## Data for this exercise:
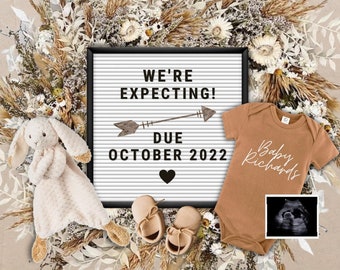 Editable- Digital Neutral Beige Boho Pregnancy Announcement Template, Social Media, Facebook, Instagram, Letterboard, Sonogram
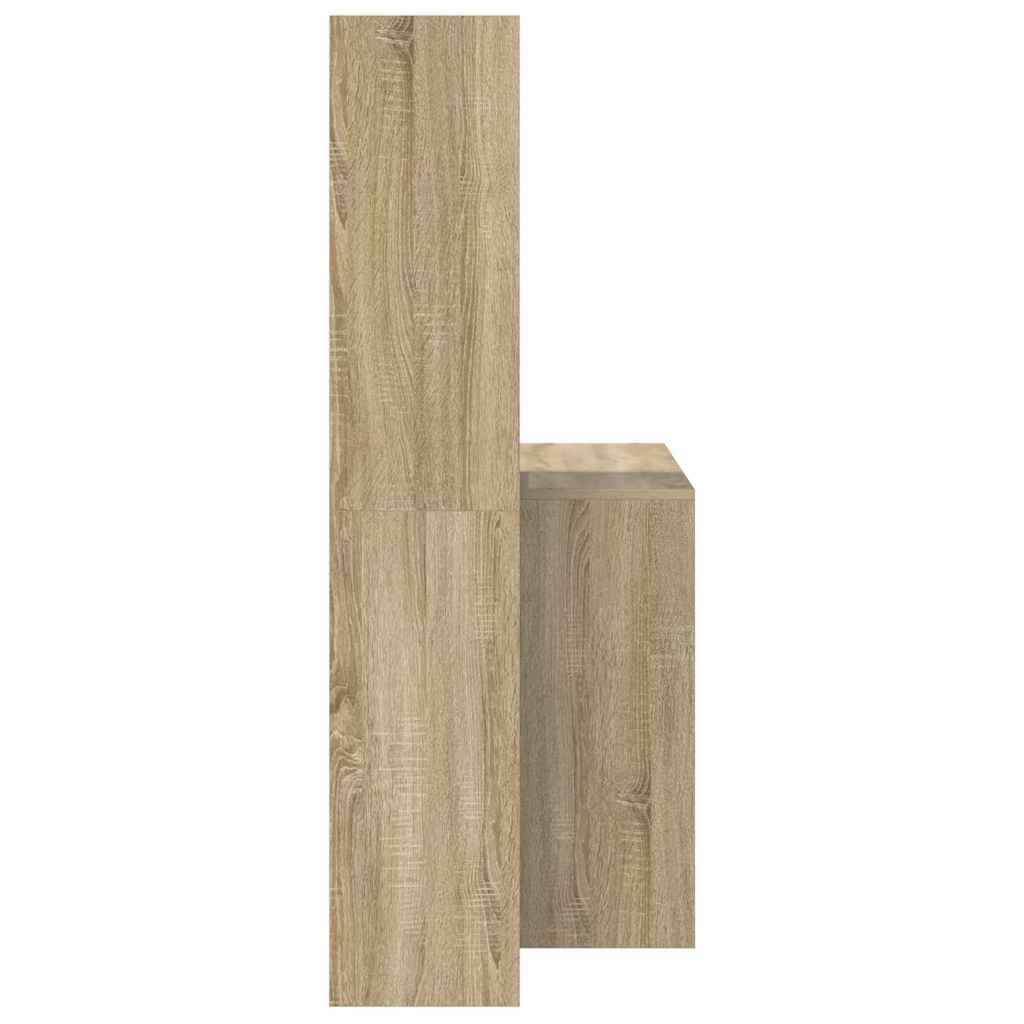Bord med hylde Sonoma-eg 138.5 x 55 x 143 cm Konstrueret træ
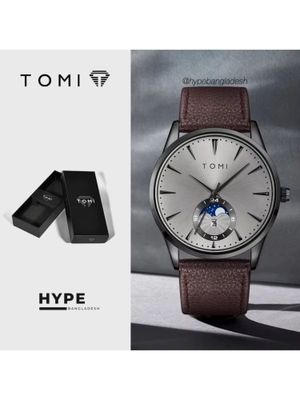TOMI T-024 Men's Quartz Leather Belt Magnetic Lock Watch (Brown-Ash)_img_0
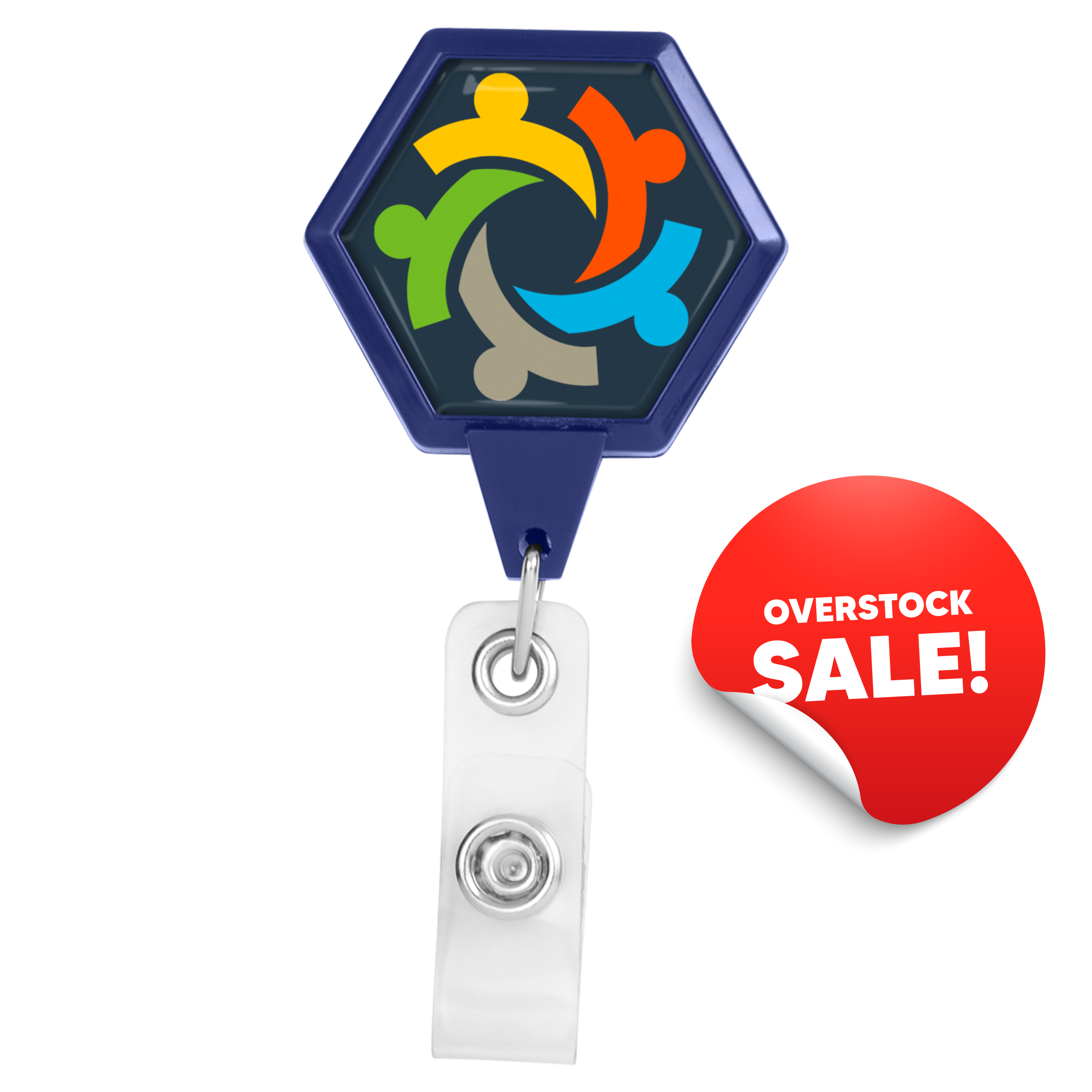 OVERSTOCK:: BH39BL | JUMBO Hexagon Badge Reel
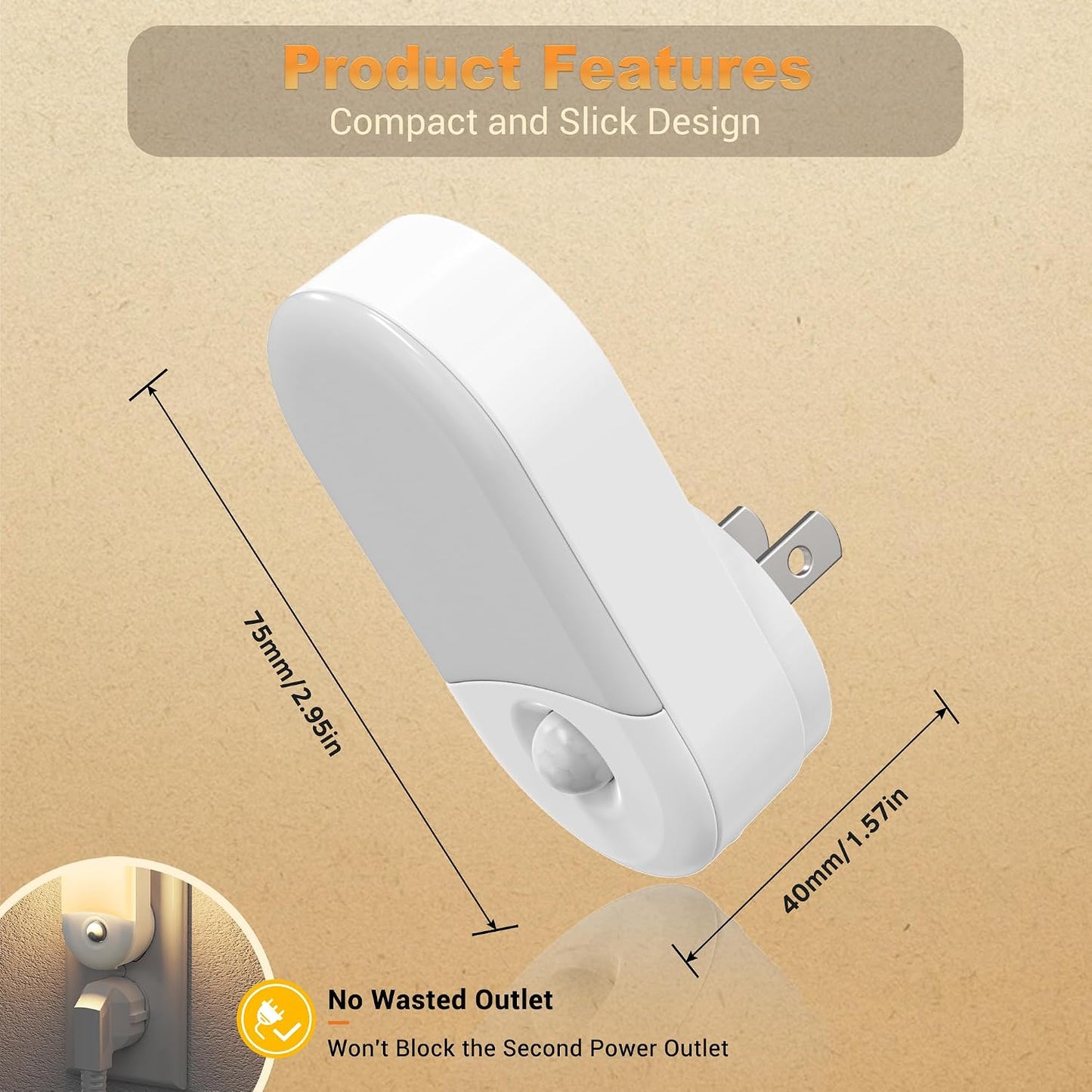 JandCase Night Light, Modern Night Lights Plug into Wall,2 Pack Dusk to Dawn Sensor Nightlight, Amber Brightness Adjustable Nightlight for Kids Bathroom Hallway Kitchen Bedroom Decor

## Goal of the exercise:
Please copy the data above exactly, omitting the pictures.

## Task result:
 Editable- Digital Neutral Beige Boho Pregnancy Announcement Template, Social Media, Facebook, Instagram, Letterboard, Sonogram
Bord med hylde Sonoma-eg 138.5 x 55 x 143 cm Konstrueret træ
TOMI T-024 Men's Quartz Leather Belt Magnetic Lock Watch (Brown-Ash)_img_0
 OVERSTOCK:: BH39BL | JUMBO Hexagon Badge Reel
 JandCase Night Light, Modern Night Lights Plug into Wall,2 Pack Dusk to Dawn Sensor Nightlight, Amber Brightness Adjustable Nightlight for Kids Bathroom Hallway Kitchen Bedroom Decor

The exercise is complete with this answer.